(WHAT THE TASK REQUIRES):
Beneath this instruction is a block of data; output from it exactly the lines that run from the one containing "Trainer erklärt Kind das Kanufahren" through the one containing "Stock Photo - Chandelier", inclusive.

(INFORMATION SUPPLIED):
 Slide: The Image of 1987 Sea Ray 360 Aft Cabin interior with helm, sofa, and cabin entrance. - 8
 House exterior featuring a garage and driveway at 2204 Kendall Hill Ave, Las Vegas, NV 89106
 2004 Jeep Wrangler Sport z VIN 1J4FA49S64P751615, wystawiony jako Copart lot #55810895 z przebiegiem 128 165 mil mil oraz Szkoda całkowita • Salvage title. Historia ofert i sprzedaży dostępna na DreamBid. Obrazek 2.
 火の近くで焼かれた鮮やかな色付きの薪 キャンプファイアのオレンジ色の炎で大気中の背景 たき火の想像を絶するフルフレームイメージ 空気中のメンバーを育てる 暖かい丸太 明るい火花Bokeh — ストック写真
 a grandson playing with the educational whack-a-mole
==
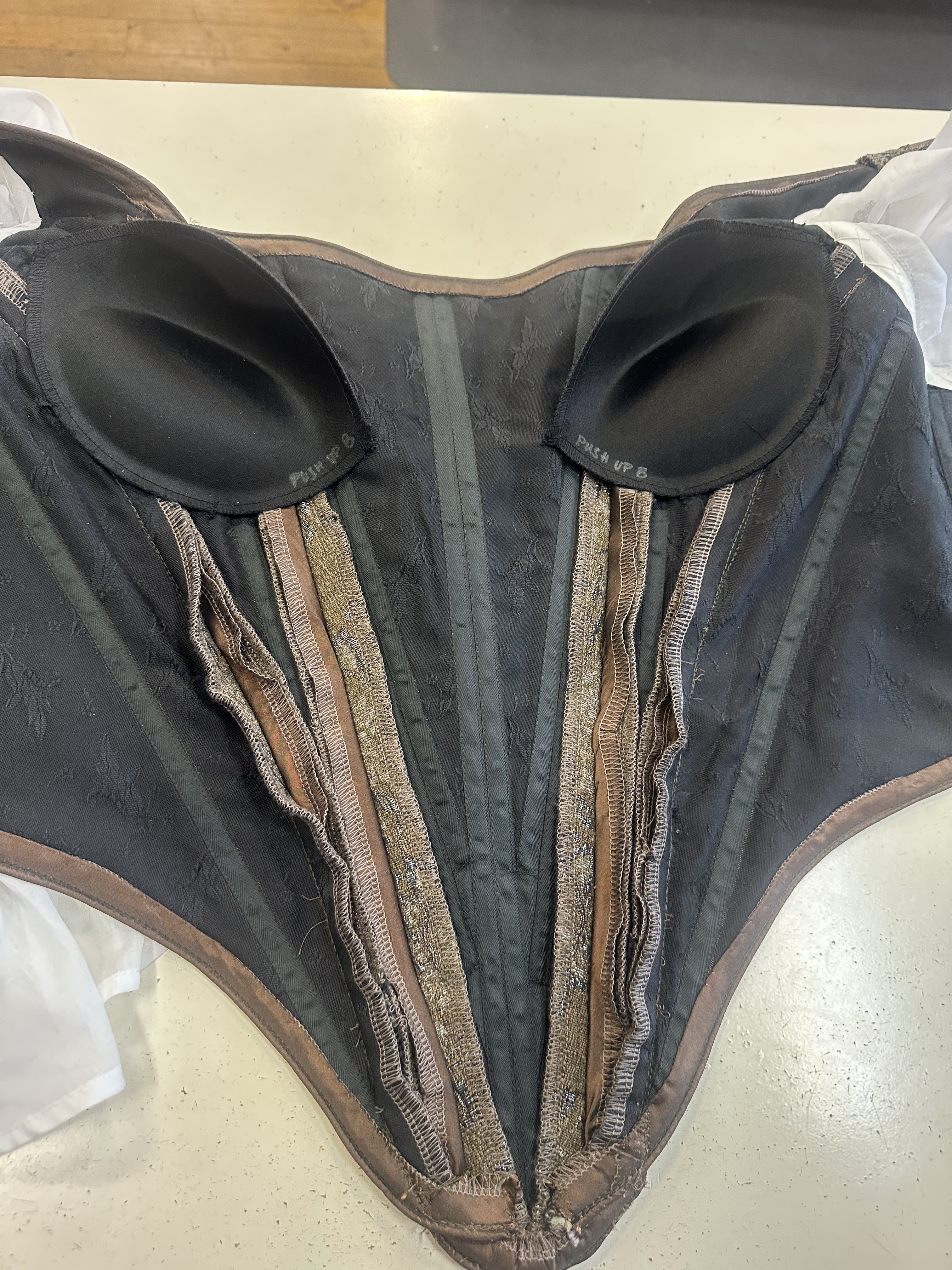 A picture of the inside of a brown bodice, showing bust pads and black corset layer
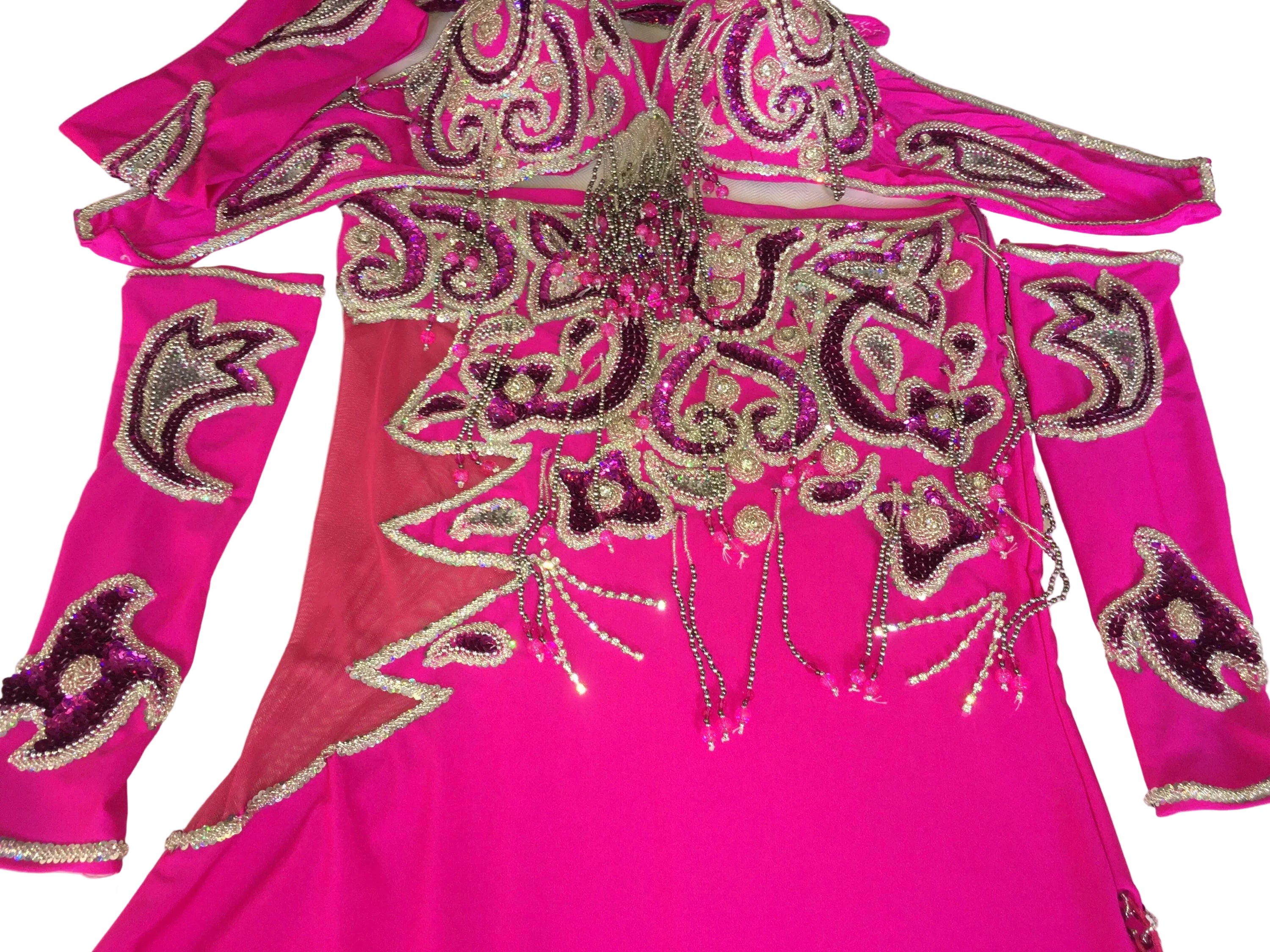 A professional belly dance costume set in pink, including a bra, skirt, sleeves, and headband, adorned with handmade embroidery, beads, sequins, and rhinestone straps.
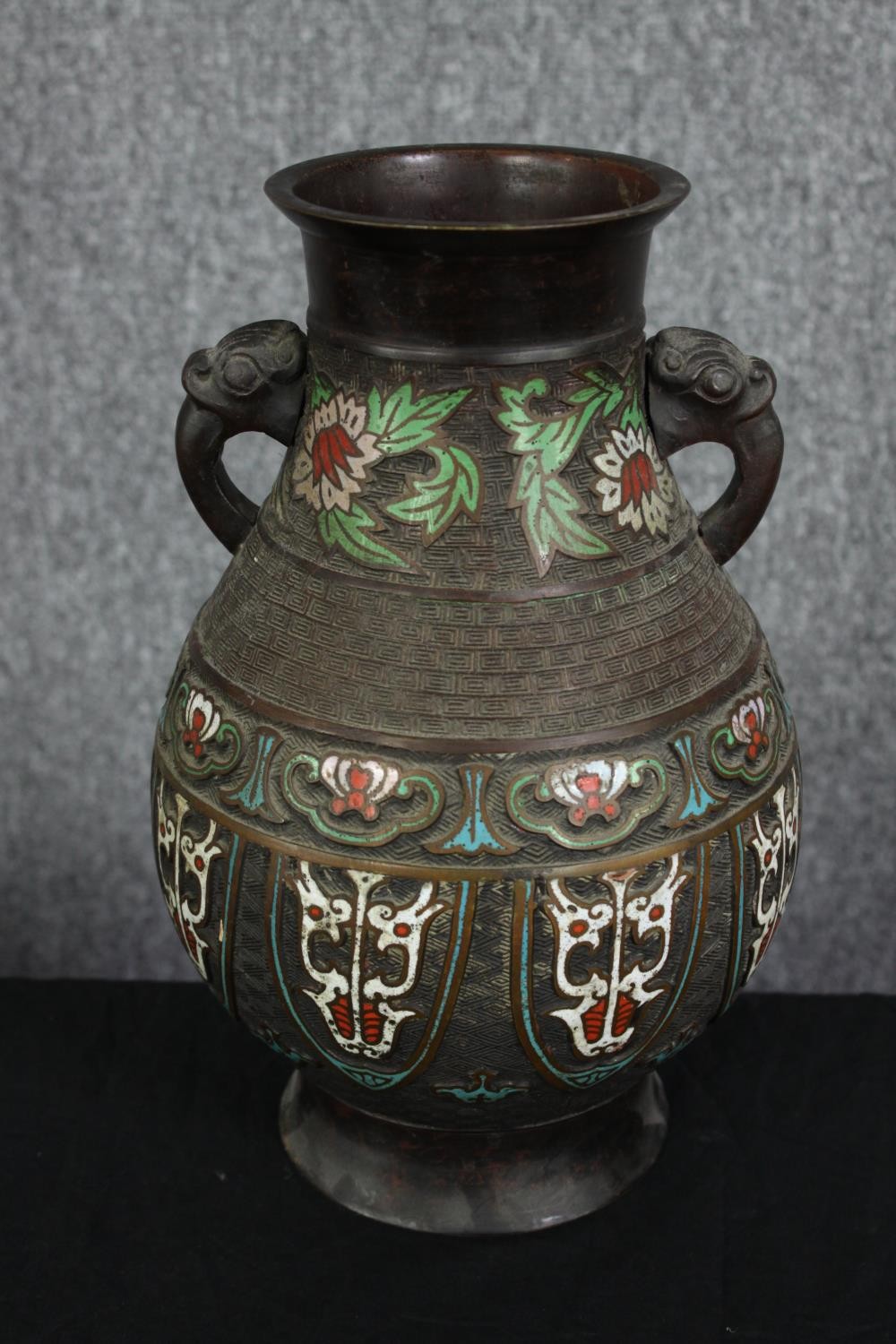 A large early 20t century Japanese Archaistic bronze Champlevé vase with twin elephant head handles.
--
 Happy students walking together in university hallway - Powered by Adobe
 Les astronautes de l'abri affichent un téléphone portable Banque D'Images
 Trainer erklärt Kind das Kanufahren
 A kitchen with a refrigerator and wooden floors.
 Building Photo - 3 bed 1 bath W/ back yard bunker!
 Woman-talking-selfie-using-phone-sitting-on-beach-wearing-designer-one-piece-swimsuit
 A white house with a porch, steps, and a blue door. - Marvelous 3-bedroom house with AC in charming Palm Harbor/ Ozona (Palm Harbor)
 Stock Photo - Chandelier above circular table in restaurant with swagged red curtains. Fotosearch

(ANSWER SPACE):
 Trainer erklärt Kind das Kanufahren
 A kitchen with a refrigerator and wooden floors.
 Building Photo - 3 bed 1 bath W/ back yard bunker!
 Woman-talking-selfie-using-phone-sitting-on-beach-wearing-designer-one-piece-swimsuit
 A white house with a porch, steps, and a blue door. - Marvelous 3-bedroom house with AC in charming Palm Harbor/ Ozona (Palm Harbor)
 Stock Photo - Chandelier above circular table in restaurant with swagged red curtains. Fotosearch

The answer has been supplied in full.